§ **Task requirements**: Return nothing but the lines from the one containing "QUADRUPLE STANDARD Room" through the end of the records below, exactly as they stand and without pictures.

§ **Data for processing**:
----

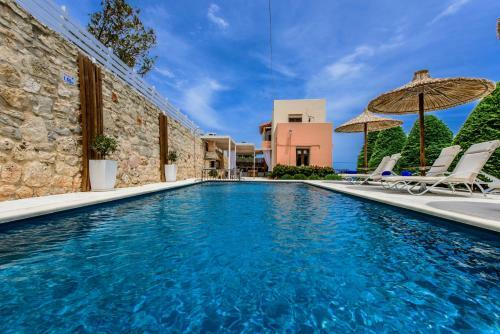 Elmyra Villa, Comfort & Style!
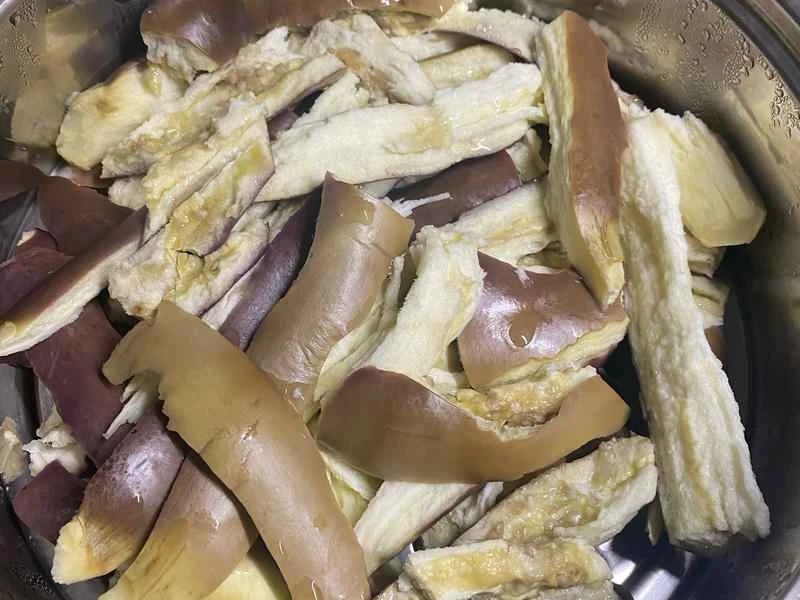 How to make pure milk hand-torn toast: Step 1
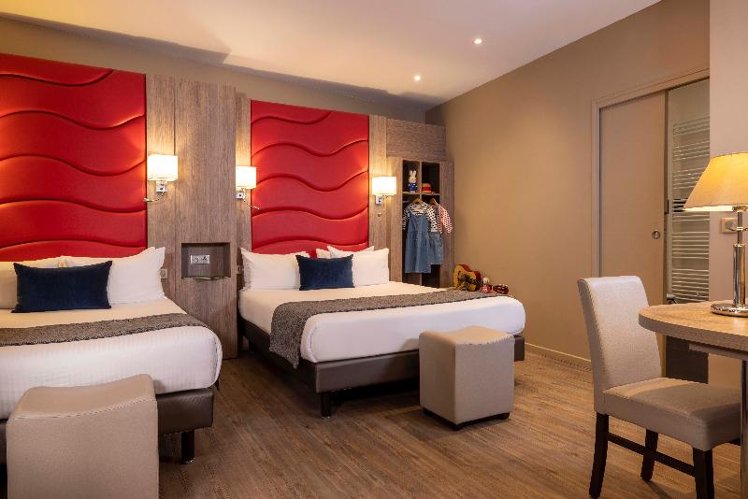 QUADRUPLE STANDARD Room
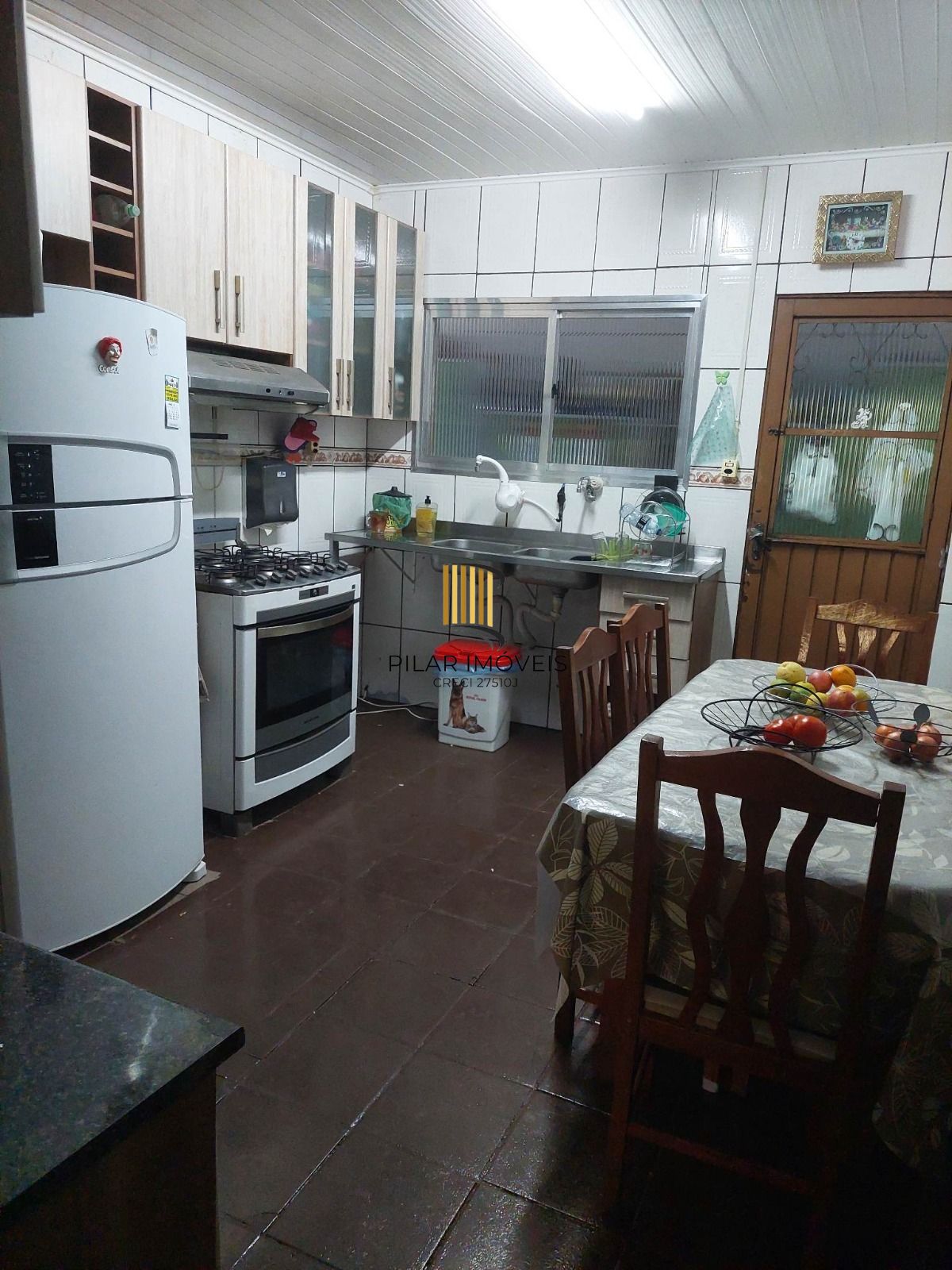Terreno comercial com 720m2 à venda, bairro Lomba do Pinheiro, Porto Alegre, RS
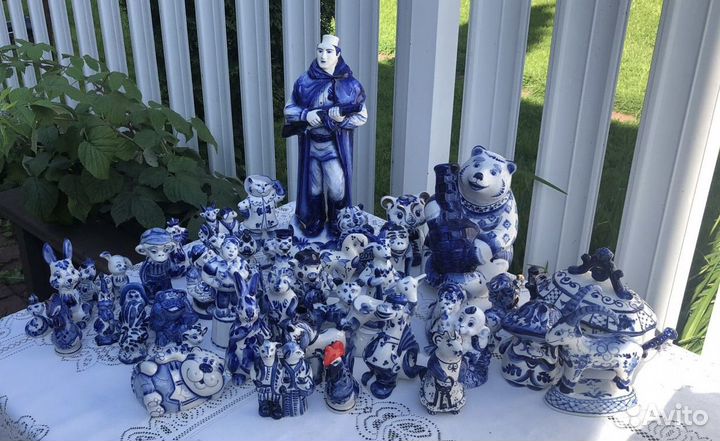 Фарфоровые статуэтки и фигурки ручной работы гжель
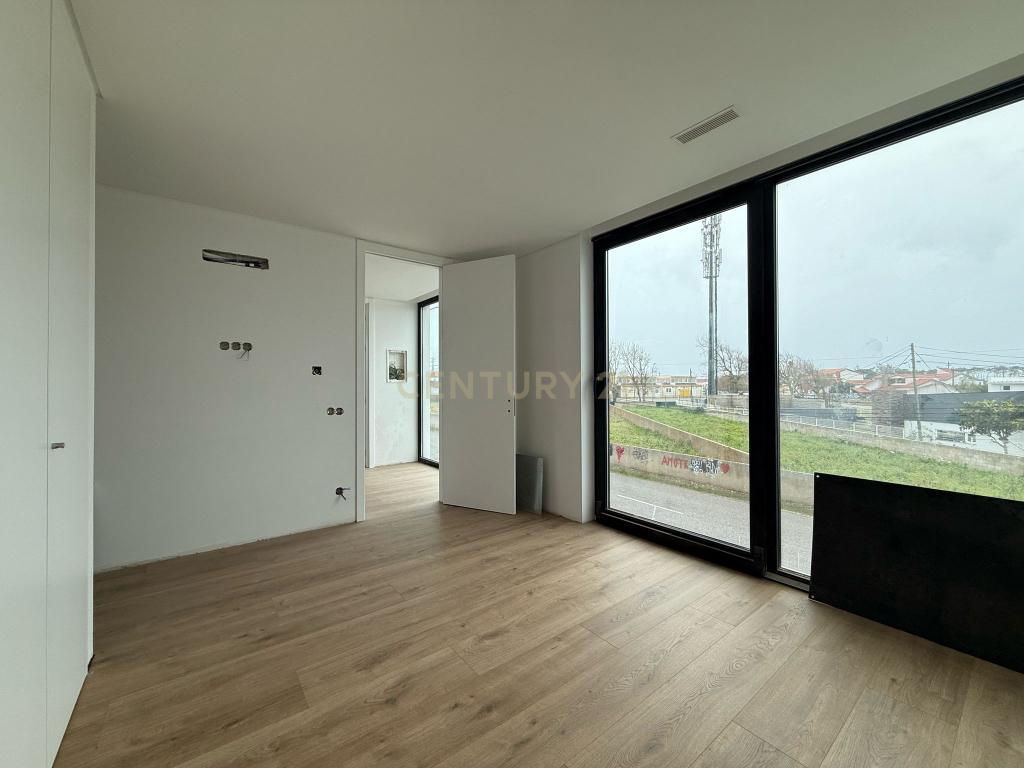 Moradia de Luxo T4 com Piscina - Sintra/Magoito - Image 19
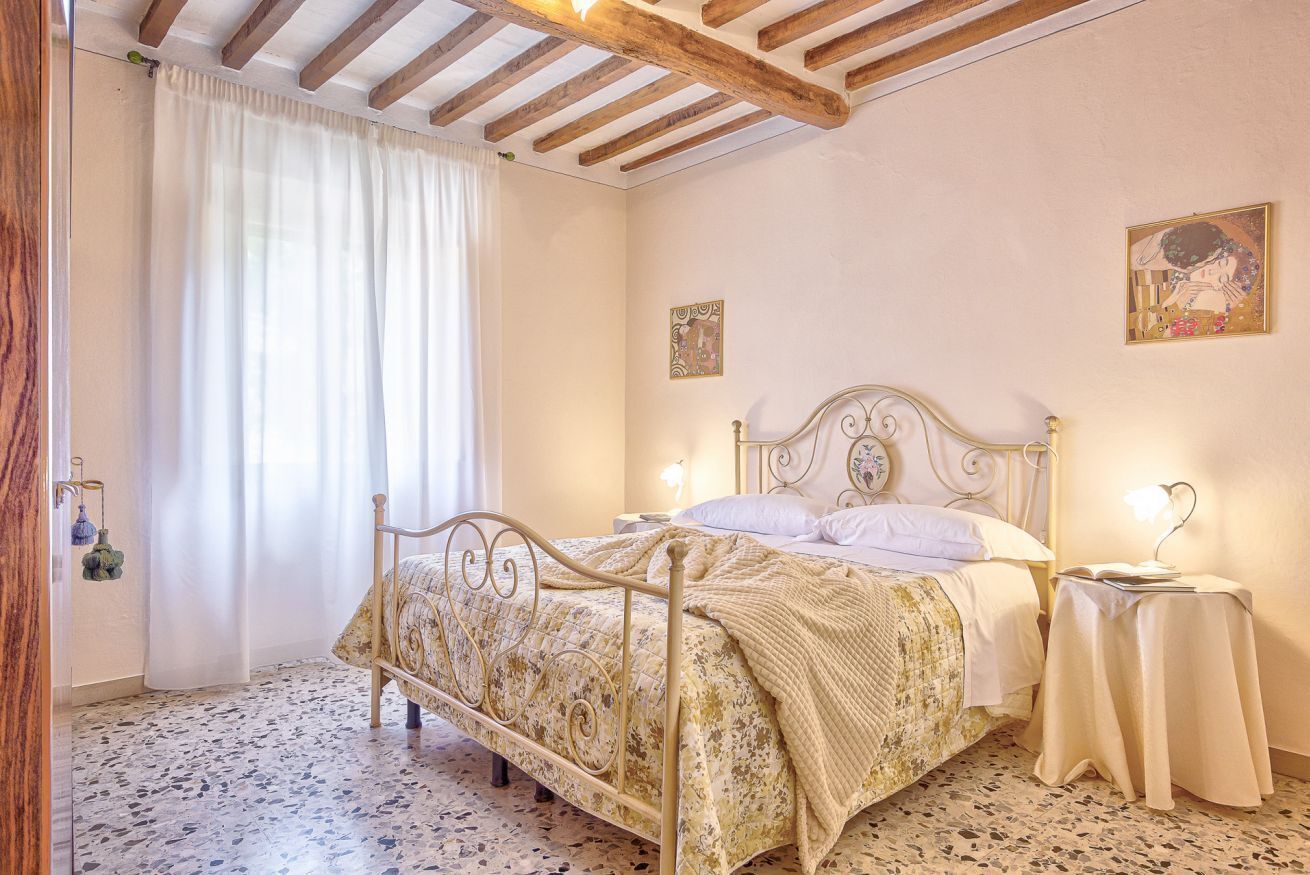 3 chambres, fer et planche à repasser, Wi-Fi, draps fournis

----

§ **Task result**:
 QUADRUPLE STANDARD Room
Terreno comercial com 720m2 à venda, bairro Lomba do Pinheiro, Porto Alegre, RS
 Фарфоровые статуэтки и фигурки ручной работы гжель
 Moradia de Luxo T4 com Piscina - Sintra/Magoito - Image 19
 3 chambres, fer et planche à repasser, Wi-Fi, draps fournis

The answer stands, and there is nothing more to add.